• **Data in this exercise**
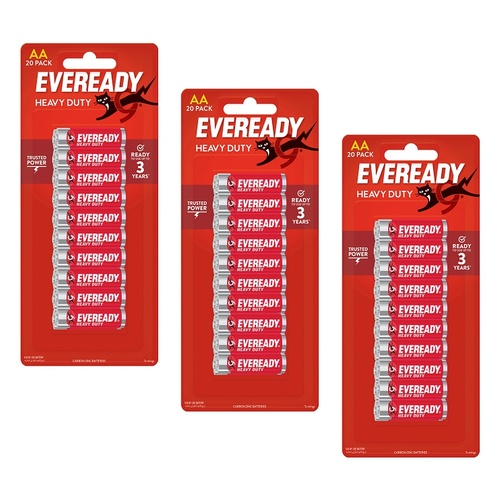 Energizer Eveready Value Pack AA Batteries 20 Pack Bundle of 3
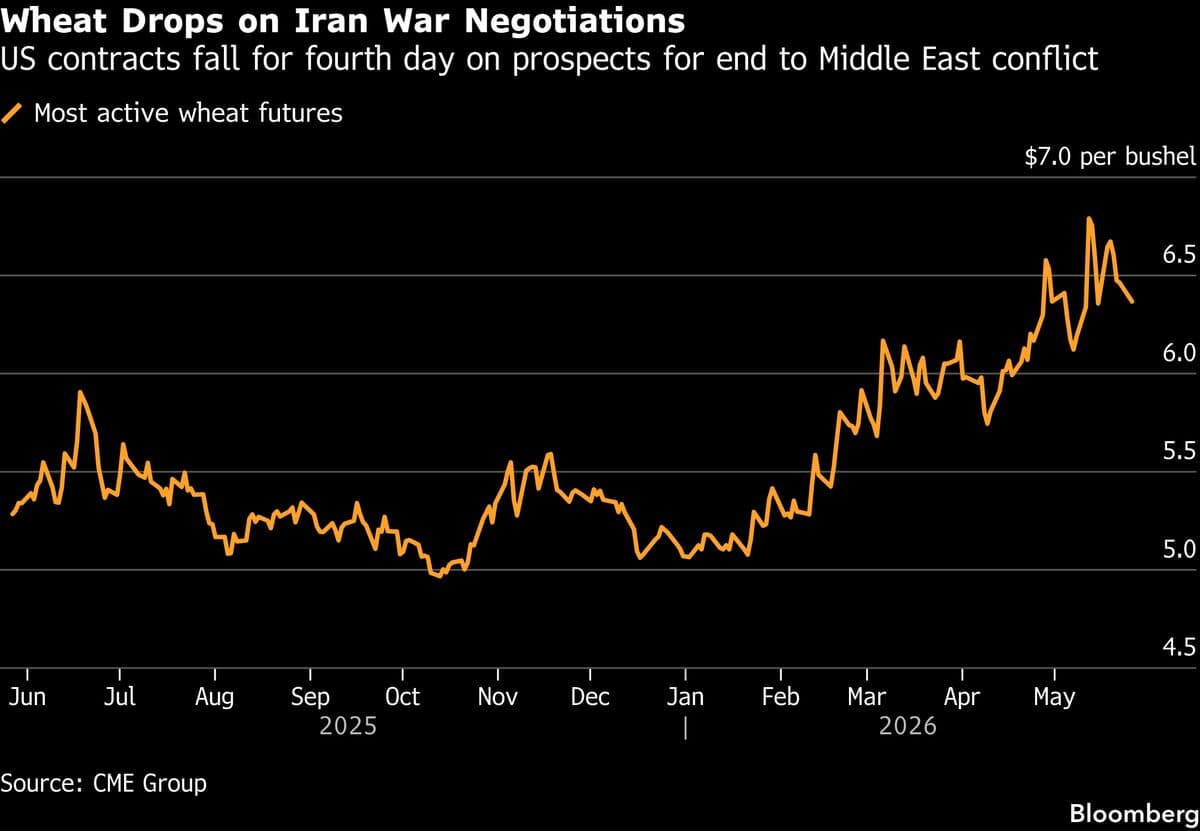 Wheat Prices Continue Downward Amid Iran Ceasefire Negotiations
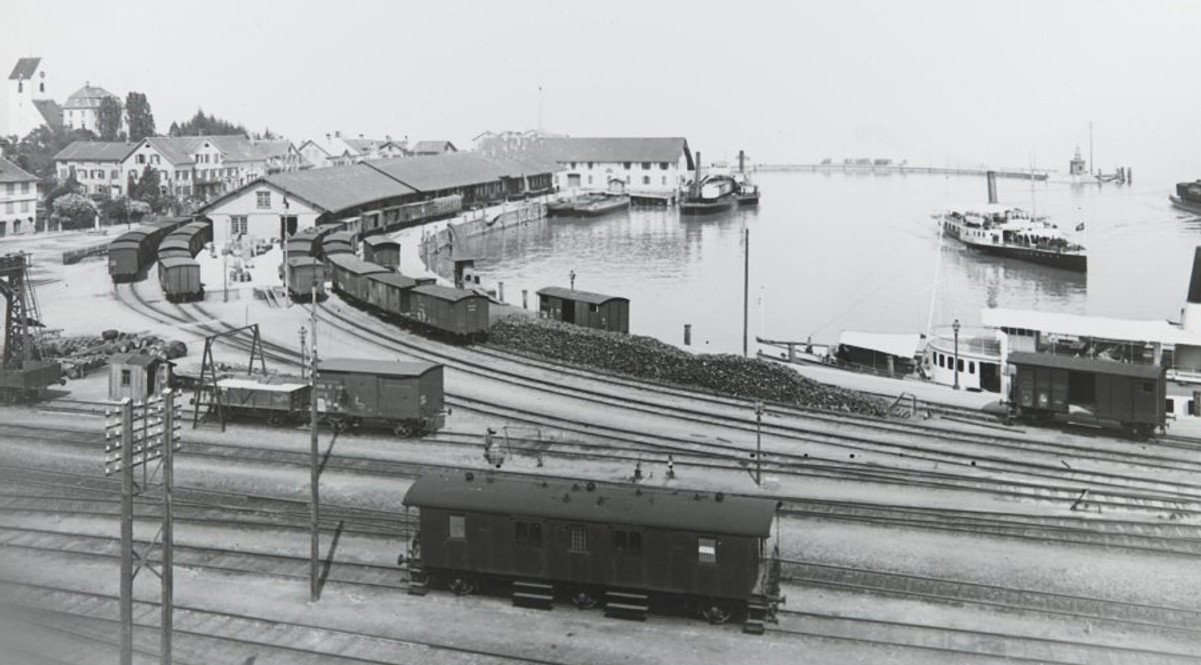 Romanshorn, Hafen und Gleisanlage. Zwischen 1900 und 1920. Sammlung Schweizerisches Nationalmuseum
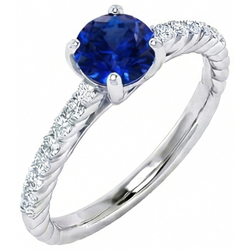 Sapphire Ring With Natural Earth Mined Diamond Accents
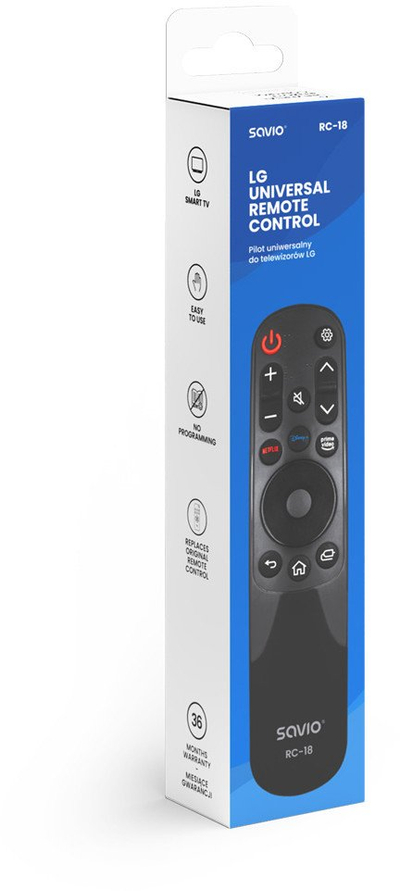 Telekomandë universale Savio RC-18, infra të kuqe, për TV LG, e zezë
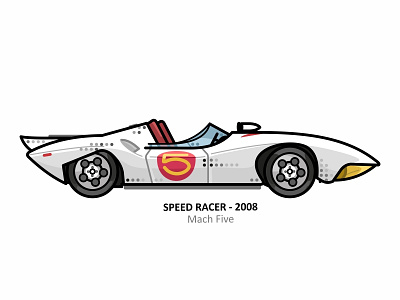 Mach Five auto automobile design dots film iconic illustration movie outline racer speed speed racer young driver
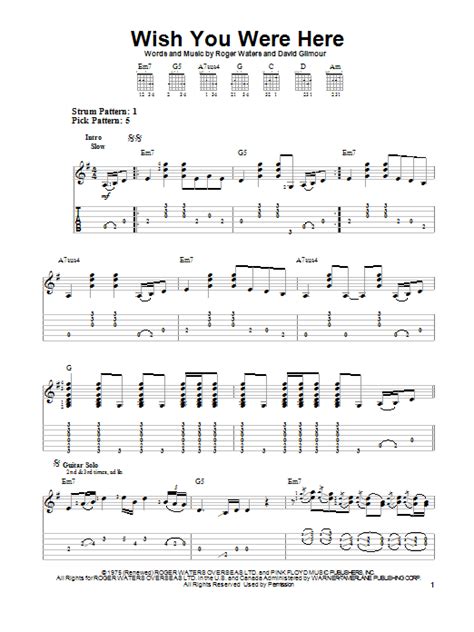 Wish You Were Here By Pink Floyd Easy Guitar Tab Guitar Instructor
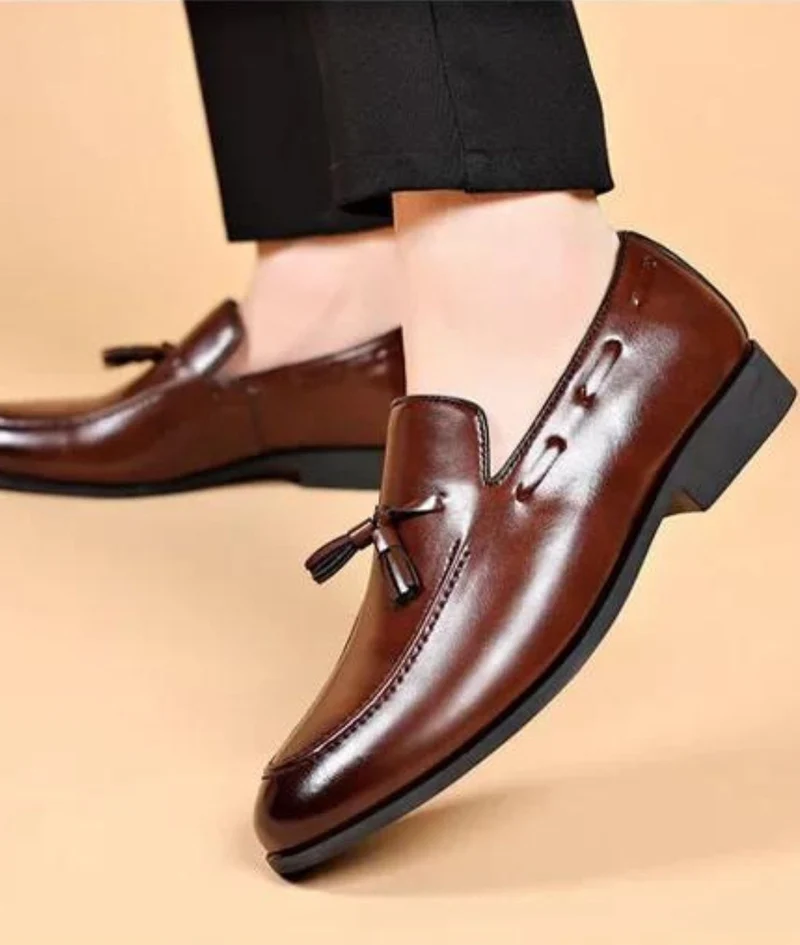 Mocassins À Gland En Cuir Véritable Marron Pour Hommes
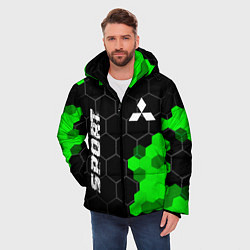 Куртка зимняя мужская Mitsubishi green sport hexagon, цвет: 3D-черный — фото 2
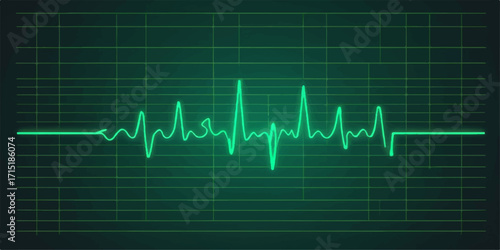Abstract ECG heartbeat line on monitor graph illustration for medical health pulse rate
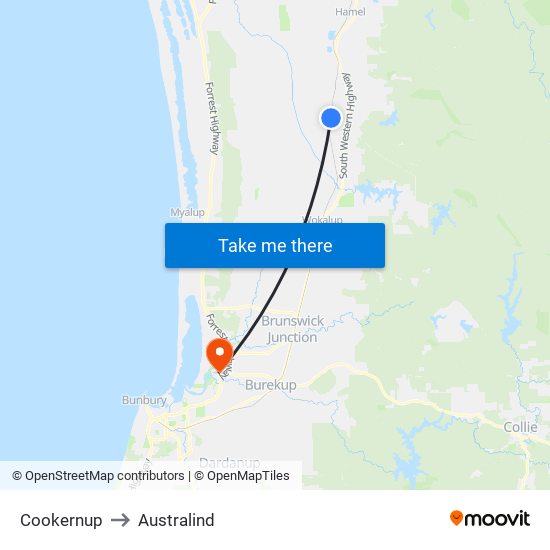 Cookernup to Australind map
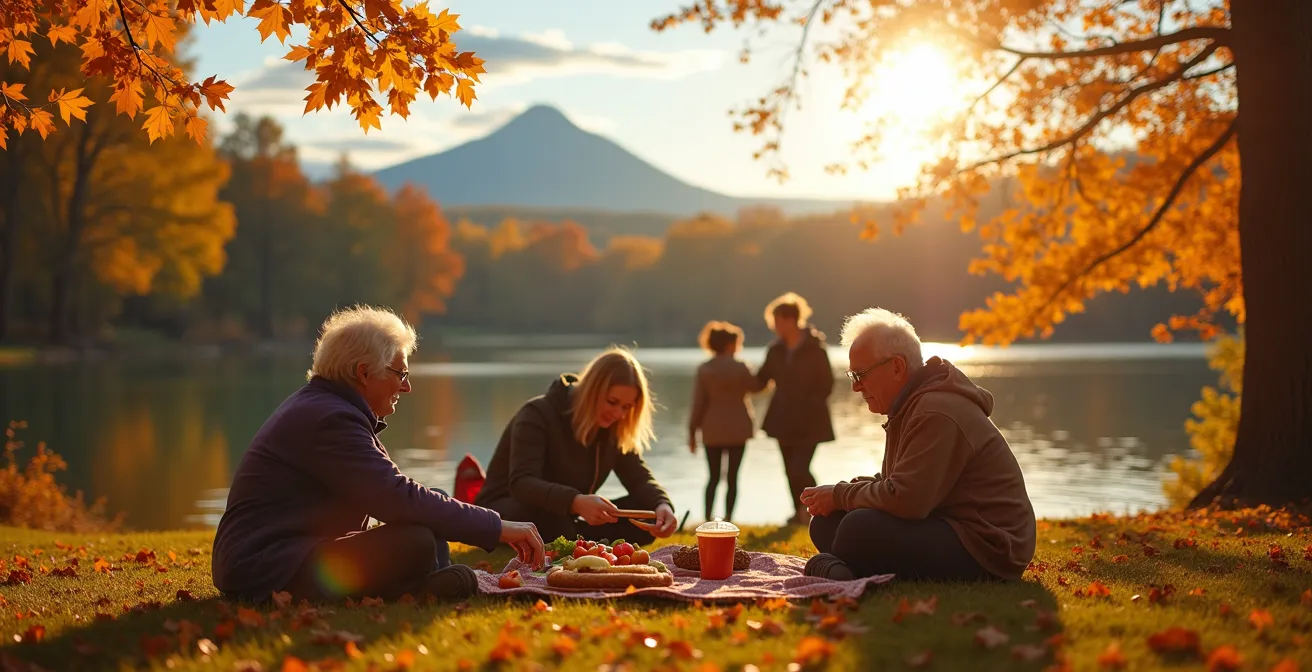 Personnes de tous âges, actives en plein air, dans un paysage typique du Québec, illustrant une vie saine.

• **What you need to do**
I would like the exact lines from the data above, starting with the one that holds "Wish You Were" and going on through the one that holds "Куртка зимняя мужская", without the pictures.

• **Output for this exercise**
 Wish You Were Here By Pink Floyd Easy Guitar Tab Guitar Instructor
 Mocassins À Gland En Cuir Véritable Marron Pour Hommes
 Куртка зимняя мужская Mitsubishi green sport hexagon, цвет: 3D-черный — фото 2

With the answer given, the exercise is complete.